Stratégie 2026 : cohabiter avec Google tout en gagnant des citations dans ChatGPT
La tentation, face aux données janvier, serait de “tout miser” sur le nouveau canal. Les éditeurs qui ont traversé plusieurs cycles savent pourtant que le web récompense les stratégies hybrides. Google reste la principale porte d’entrée pour l’immense majorité des requêtes, et l’optimisation technique (performance, indexation, maillage interne) continue de peser lourd. En parallèle, les moteurs de réponse imposent une nouvelle exigence : être la source que l’on a envie de citer.
Pour rendre cette cohabitation actionnable, “Le Quotidien Local” adopte une règle de production : chaque contenu stratégique doit répondre à deux scénarios. Scénario A : l’utilisateur arrive depuis les moteurs de recherche avec une requête précise et veut une réponse complète. Scénario B : l’utilisateur arrive depuis ChatGPT après avoir lu une synthèse, et veut une preuve, un détail, un exemple, ou une mise à jour. Le même article peut satisfaire les deux, à condition d’être écrit et édité avec cette double porte d’entrée en tête.
Un cadre éditorial simple : expertise, preuves, lisibilité, mise à jour
Sur le fond, l’éditeur doit renforcer ce que les systèmes de réponse valorisent : expertise démontrable et absence d’ambiguïté. Sur la forme, il faut “packager” l’information pour qu’elle soit réutilisable : définitions, listes, tableaux, étapes. Ce n’est pas une écriture robotique, c’est une écriture “consultable”. Dans les rédactions, cela ressemble à un retour aux fondamentaux du service au lecteur, version web moderne.

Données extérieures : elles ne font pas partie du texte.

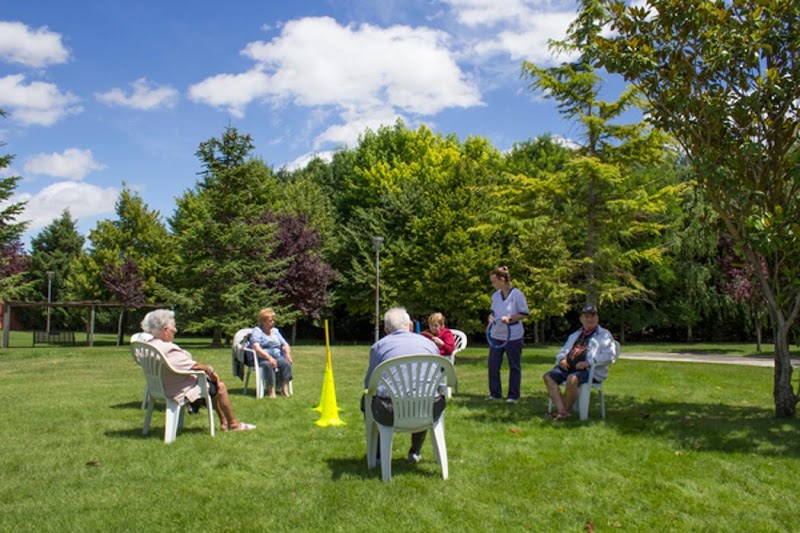 Residencia Vitalia Jardín — foto 10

On observe aussi une montée des contenus “référence” : glossaires, pages piliers, guides mis à jour, comparatifs expliqués. Ces formats ont une inertie positive : plus ils sont utilisés, plus ils reçoivent des liens, plus ils deviennent citables, plus ils attirent des referrals. À l’inverse, le contenu jetable peut faire un pic sur les réseaux, mais laisse peu de traces dans les moteurs de réponse.
Ne pas opposer SEO et GEO : les synergies qui comptent vraiment
La meilleure nouvelle, pour les équipes déjà solides en référencement, c’est que beaucoup d’efforts sont mutualisables. Un site rapide, clair, bien maillé, avec des auteurs identifiés et des pages fiables, performe mieux partout. Ce qui change, c’est l’objectif additionnel : être sélectionné comme source, parfois pour un fragment de contenu très spécifique.

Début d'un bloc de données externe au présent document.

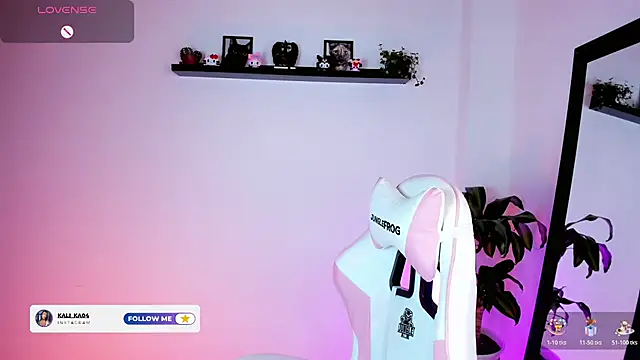 kali ka  online show from November 21, 2025, 6:06 pm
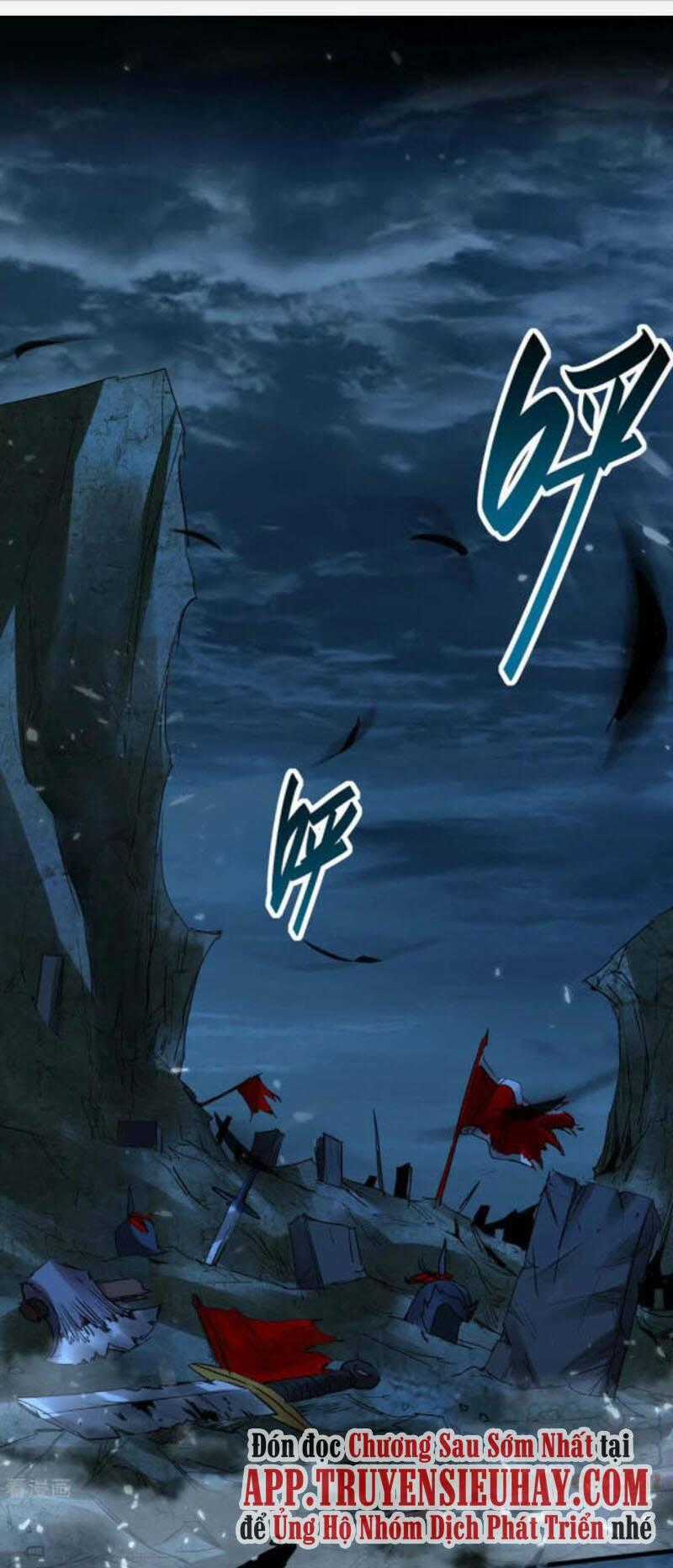 Tiên Đế Qui Lai Chapter 273 trang 0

Si l’on devait résumer la stratégie gagnante sans se tromper de combat : maintenir l’excellence SEO pour capter le volume de Google, tout en industrialisant la “citabilité” pour capter une part croissante de referrals IA. Insight final : l’avenir appartient aux éditeurs capables de produire des pages à la fois bien classées et naturellement citées.